- Problem details
Everything from the line with "HAULOTTE HA20+ All" to the line with "Volkswagen Corrado VR6" in the listing below, both lines included, needs to be copied exactly, apart from the pictures.
/---
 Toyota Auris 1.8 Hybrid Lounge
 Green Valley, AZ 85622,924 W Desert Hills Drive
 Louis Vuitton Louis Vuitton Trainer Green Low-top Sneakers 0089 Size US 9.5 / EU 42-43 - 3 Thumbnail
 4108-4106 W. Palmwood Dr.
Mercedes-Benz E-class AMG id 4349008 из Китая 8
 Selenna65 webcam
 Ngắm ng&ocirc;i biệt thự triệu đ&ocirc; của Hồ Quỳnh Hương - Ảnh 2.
\---
/---
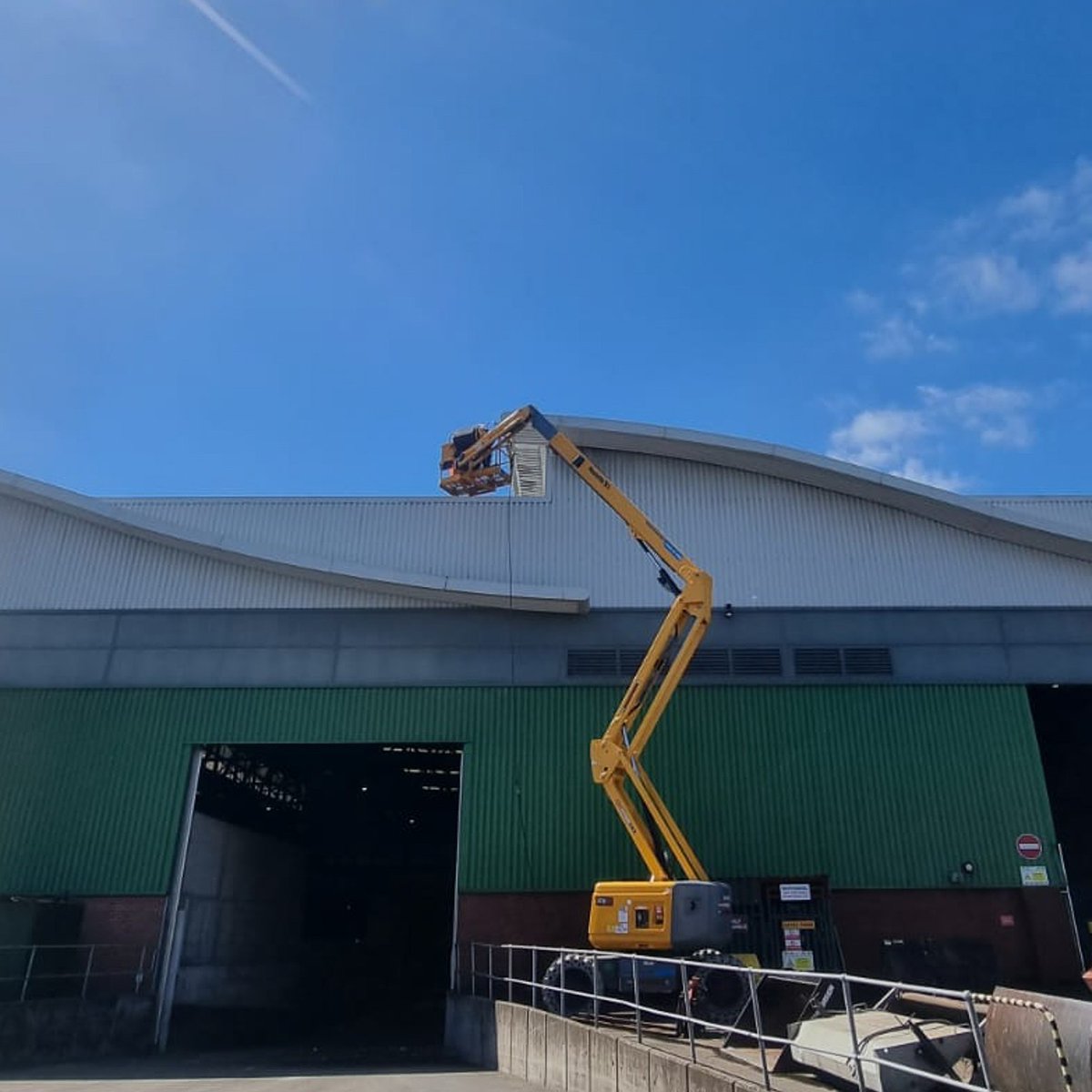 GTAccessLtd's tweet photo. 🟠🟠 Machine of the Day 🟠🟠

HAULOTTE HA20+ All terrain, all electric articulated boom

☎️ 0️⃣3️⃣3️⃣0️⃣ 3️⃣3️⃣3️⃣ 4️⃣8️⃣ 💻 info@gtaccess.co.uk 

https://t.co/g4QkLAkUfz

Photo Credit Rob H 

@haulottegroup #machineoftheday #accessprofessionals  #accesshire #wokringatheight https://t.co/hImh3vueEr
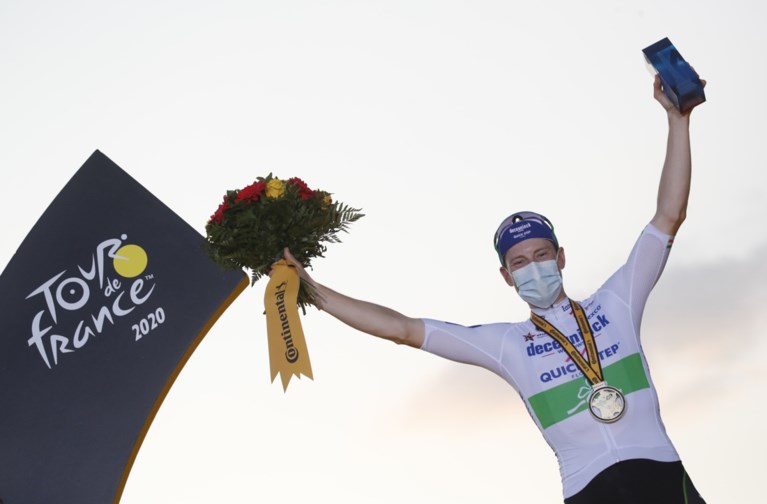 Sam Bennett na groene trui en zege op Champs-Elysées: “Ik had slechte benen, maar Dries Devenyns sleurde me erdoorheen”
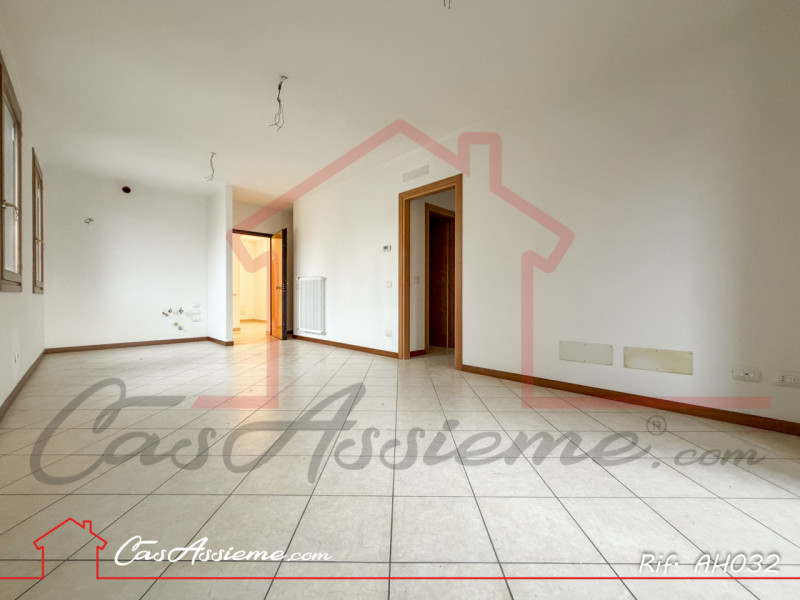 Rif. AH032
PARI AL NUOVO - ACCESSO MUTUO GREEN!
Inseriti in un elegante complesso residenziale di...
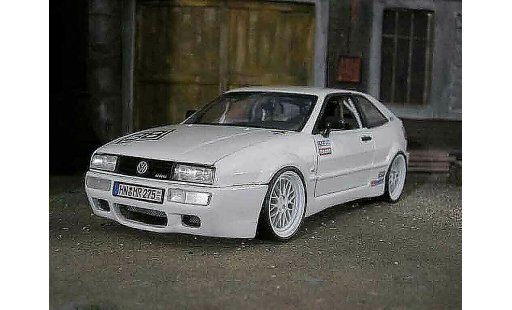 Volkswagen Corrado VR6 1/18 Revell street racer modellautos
\---
- Answer box
HAULOTTE HA20+ All terrain, all electric articulated boom

☎️ 0️⃣3️⃣3️⃣0️⃣ 3️⃣3️⃣3️⃣ 4️⃣8️⃣ 💻 info@gtaccess.co.uk 

https://t.co/g4QkLAkUfz

Photo Credit Rob H 

@haulottegroup #machineoftheday #accessprofessionals  #accesshire #wokringatheight https://t.co/hImh3vueEr
 Sam Bennett na groene trui en zege op Champs-Elysées: “Ik had slechte benen, maar Dries Devenyns sleurde me erdoorheen”
 Rif. AH032
PARI AL NUOVO - ACCESSO MUTUO GREEN!
Inseriti in un elegante complesso residenziale di...
 Volkswagen Corrado VR6 1/18 Revell street racer modellautos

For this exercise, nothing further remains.